= Military Cryptanalytics =

Military Cryptanalytics (or MILCRYP as it is sometimes known) is a revision by Lambros D. Callimahos of the series of books written by William F. Friedman under the title Military Cryptanalysis. It may also contain contributions by other cryptanalysts. It was a training manual for National Security Agency and military cryptanalysts. It was published for government use between 1957 and 1977, though parts I and II were written in 1956 and 1959.
==Callimahos on the work==
From the Introduction in Part I, Volume I, by Callimahos:
"This text represents an extensive expansion and revision, both in scope and content, of the earlier work entitled 'Military Cryptanalysis, Part I' by William F. Friedman. This expansion and revision was necessitated by the considerable advancement made in the art since the publication of the previous text."

Callimahos referred to parts III–VI at the end of the first volume:
"...Part III will deal with varieties of aperiodic substitution systems, elementary cipher devices and cryptomechanisms, and will embrace a detailed treatment of cryptomathematics and diagnostic tests in cryptanalysis; Part IV will treat transposition and fractioning systems, and combined substitution-transposition systems; Part V will treat the reconstruction of codes, and the solution of enciphered code systems, and Part VI will treat the solution of representative machine cipher systems."
However, parts IV–VI were never completed.
==Declassification==
Both Military Cryptanalytics and Military Cryptanalysis have been subjects of Mandatory Declassification Review (MDR) requests, including one by John Gilmore in 1992-1993 and two by Charles Varga in 2004 and 2016.
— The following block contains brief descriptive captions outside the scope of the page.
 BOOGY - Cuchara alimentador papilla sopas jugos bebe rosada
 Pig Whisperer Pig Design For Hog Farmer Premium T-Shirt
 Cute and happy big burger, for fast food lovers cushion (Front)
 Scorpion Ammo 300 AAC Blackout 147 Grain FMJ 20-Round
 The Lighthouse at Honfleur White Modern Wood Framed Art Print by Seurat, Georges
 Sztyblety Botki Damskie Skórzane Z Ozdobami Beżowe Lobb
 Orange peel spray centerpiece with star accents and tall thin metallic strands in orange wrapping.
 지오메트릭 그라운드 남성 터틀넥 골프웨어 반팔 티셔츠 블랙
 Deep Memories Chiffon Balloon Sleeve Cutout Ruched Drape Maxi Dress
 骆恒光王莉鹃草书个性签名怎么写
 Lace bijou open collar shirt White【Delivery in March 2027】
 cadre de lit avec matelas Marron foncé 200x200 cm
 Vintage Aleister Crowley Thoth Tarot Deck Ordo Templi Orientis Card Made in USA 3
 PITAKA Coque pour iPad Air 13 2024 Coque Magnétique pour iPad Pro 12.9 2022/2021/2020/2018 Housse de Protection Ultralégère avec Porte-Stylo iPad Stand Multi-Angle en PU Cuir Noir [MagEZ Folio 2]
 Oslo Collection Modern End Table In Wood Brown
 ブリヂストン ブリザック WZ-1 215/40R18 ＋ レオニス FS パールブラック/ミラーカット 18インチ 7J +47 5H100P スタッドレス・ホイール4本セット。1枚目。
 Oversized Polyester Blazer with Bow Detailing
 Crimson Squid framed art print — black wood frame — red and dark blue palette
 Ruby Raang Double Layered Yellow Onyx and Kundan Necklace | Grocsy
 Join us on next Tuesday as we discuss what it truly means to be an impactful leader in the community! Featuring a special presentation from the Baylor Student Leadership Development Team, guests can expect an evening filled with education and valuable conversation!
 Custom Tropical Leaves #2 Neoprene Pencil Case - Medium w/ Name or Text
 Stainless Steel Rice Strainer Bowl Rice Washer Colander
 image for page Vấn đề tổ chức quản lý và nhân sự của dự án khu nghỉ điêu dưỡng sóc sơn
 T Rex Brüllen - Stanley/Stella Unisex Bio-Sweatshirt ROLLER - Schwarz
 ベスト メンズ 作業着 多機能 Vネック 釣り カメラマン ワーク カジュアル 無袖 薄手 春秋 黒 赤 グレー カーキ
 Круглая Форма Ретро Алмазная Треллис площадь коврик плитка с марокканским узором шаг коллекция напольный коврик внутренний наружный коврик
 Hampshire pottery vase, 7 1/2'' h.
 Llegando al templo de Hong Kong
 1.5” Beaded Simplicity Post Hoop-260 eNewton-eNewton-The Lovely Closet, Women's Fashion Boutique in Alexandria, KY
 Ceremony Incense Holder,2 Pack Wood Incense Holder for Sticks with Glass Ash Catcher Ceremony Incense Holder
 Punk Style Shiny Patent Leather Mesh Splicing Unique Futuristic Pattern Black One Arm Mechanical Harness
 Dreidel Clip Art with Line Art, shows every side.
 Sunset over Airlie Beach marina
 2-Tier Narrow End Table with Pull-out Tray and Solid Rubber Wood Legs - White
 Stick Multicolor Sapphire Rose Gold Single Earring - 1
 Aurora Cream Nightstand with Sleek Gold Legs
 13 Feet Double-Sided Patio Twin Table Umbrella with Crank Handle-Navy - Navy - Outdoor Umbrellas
All four parts of Military Cryptanalysis and the first two parts of the Military Cryptanalytics series have been declassified. The third part of Military Cryptanalytics was declassified in part in December 2020 and published by GovernmentAttic.org in 2021. In 1984 NSA released copies of Military Cryptanalytics parts I and II to the (US) National Archives and Records Administration, Record Group 457, as SRH-273 and SRH-274, respectively. ("SRH" stands for "Special Research History.")
==Reprints==
All the declassified books except the third part of Military Cryptanalytics have been reprinted by Aegean Park Press. Each part of Military Cryptanalytics consists of two volumes: the first volume contains the tutorial text and the second volume contains appendices. Part I includes material on both uniliteral and multiliteral ciphers and polyalphabetic ciphers. Part II includes material on repeating-key and bipartite systems and periodic ciphers. Part II, volume II includes the Zendian Problem, a practical exercise in traffic analysis and cryptanalysis.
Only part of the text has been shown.